During the period, the Supreme Court ordered MWSS and its two concessionaires, Manila Water Company, Inc. and Maynilad Water Services, Inc. to jointly and severally pay more than ₱921 million in fines for non-compliance with the Clean Water Act. Manila Water Company affirmed that it will exercise all its legal options in relation to this case, including the filing of a Motion for Reconsideration which it timely submitted to the Supreme Court on October 2, 2019. As concessionaire of MWSS for the East Zone, Manila Water has invested nearly ₱40 billion in capital expenditures for the past 21 years and will continue to invest over ₱38 billion more until 2022. These investments are part of the government-approved service improvement plan to further expand sewerage and sanitation services in the East Zone. To date, sewer coverage is more than 15 percent of Manila Water’s water-served population and 22 percent in terms of facility acceptance/capacity, a 700 percent increase from only 3 percent when it took over in 1997.
For domestic operations under Manila Water Philippine Ventures, the strong contribution of businesses resulted to a total net income level of ₱301 million, an increase of 126 percent from the previous year. This growth was led by key subsidiaries Estate Water, Boracay Water and Laguna Water. Estate Water more than doubled its revenues for the period, primarily driven by the growth in supervision fees for new projects, coupled with higher billed volume from the takeover of new estates. As a result, Estate Water more than tripled its net income to reach ₱246 million as of the third quarter of 2019. For Boracay Water, billed volume grew by 14 percent for the period due to the higher number of tourist arrivals with the reopening of the island. As a result, net income posted significant growth of 137 percent to ₱73 million. Laguna Water saw revenues grow by 21 percent from last year due to improved average tariff. As costs and expenses were effectively managed, Laguna Water net income increased 85 percent to ₱290 million for the period. For Clark Water, billed volume only grew slightly from last year, increasing by 2% mainly supported by the consumption of existing accounts. Clark Water’s capital expenditure and expansion activities are confined to repairs and maintenance activities as it awaits the regulatory decision on its Rate Rebasing adjustment. With this slowdown, Clark Water’s net income stood at ₱40 million for the period, a decline of 37% from last year.

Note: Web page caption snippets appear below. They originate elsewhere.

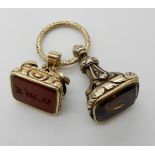 TWO DECORATIVE FOB SEALS an example in carnelian, is intaglio carved with monogram, in bright yellow
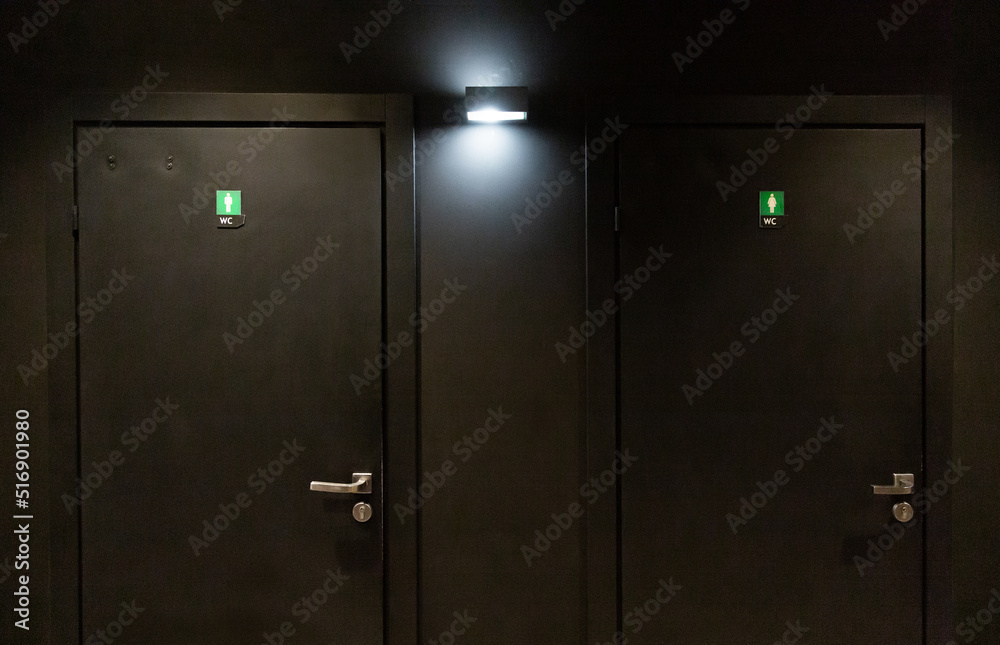 Black door in the dressing room in a nightclub. Toilet for men and women. Black door in the dressing room in a nightclub. Toilet for men and women.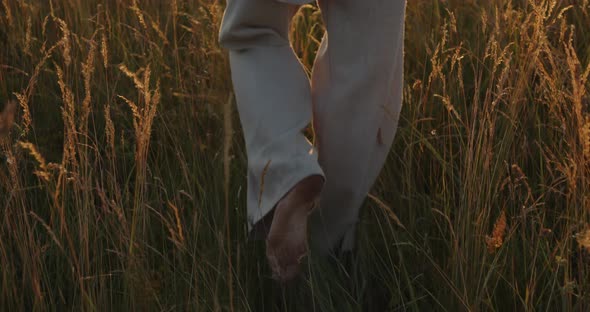 A Young Guy Walks Through a Wheat Field alt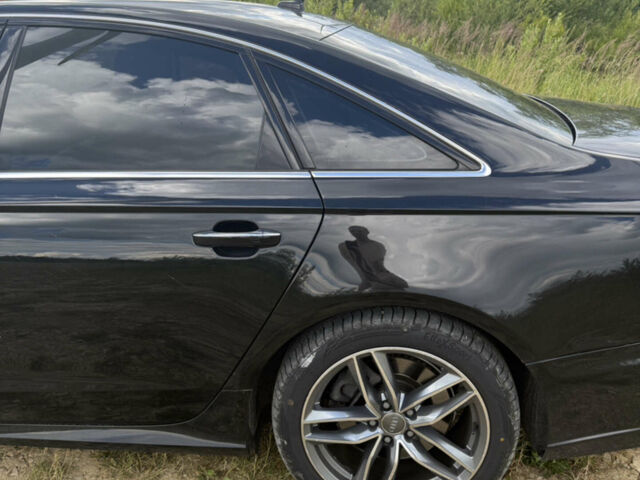 Чорний Ауді А6, об'ємом двигуна 2 л та пробігом 185 тис. км за 13900 $, фото 4 на Automoto.ua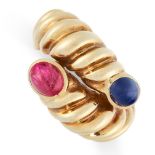 VINTAGE RUBY AND SAPPHIRE RING formed of an overlapping band with reeded decoration, set at either
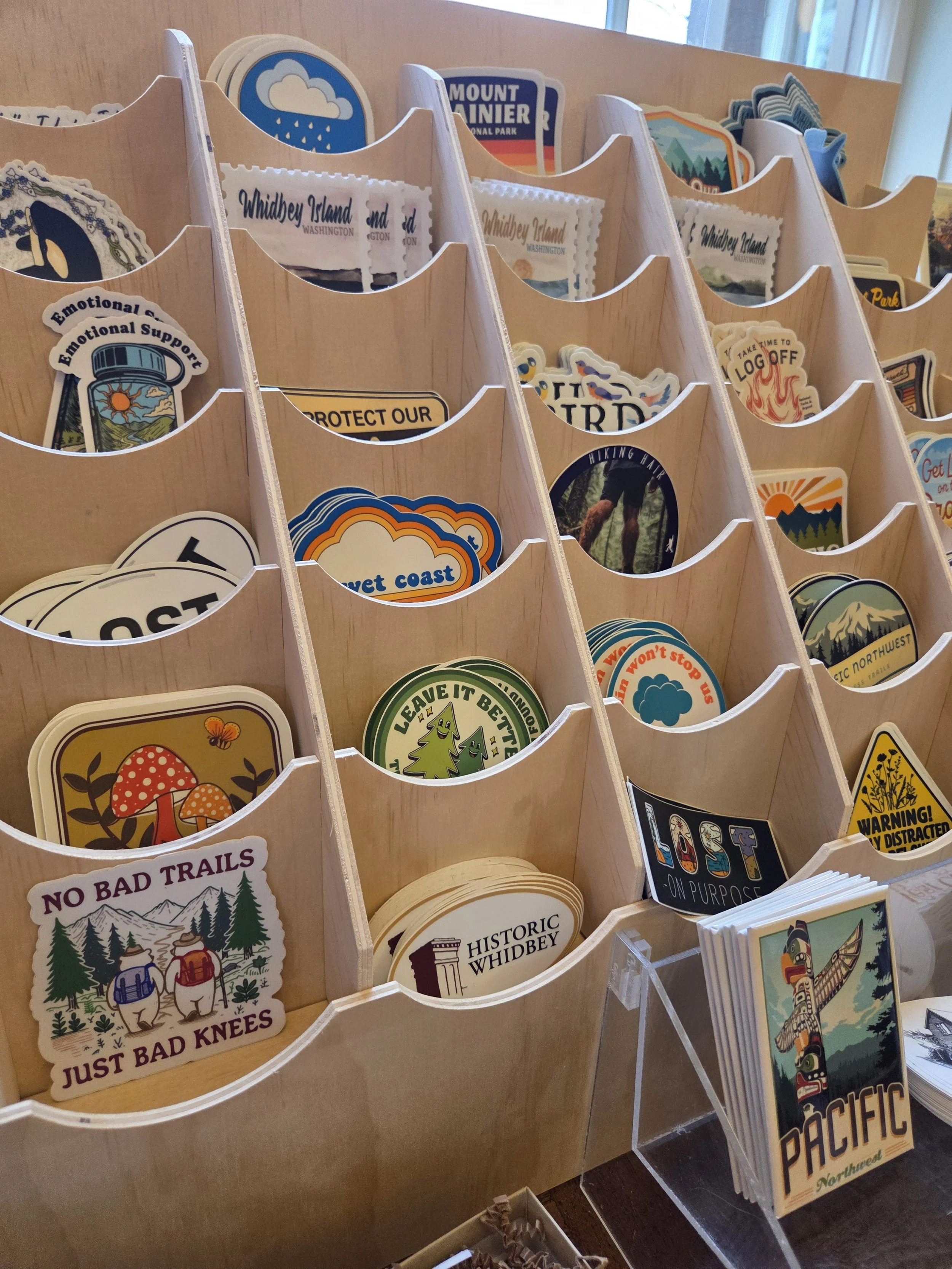 Wooden rack filled with various colorful stickers and patches depicting nature, travel, and outdoor themes, such as mountains, forests, and animals, displayed on a tabletop near a window.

International operations under Manila Water Asia Pacific increased 8 percent in equity share in net income of associates to ₱552 million for the period, largely due to the contribution of East Water in Thailand. Cost and expenses decreased by 37 percent for the period to ₱90 million, on the back of lower personnel and management and professional costs. Subsidiary operations in Vietnam posted lower income contribution for the period due to higher regulatory and operating costs, even as billed volume remained relatively stable.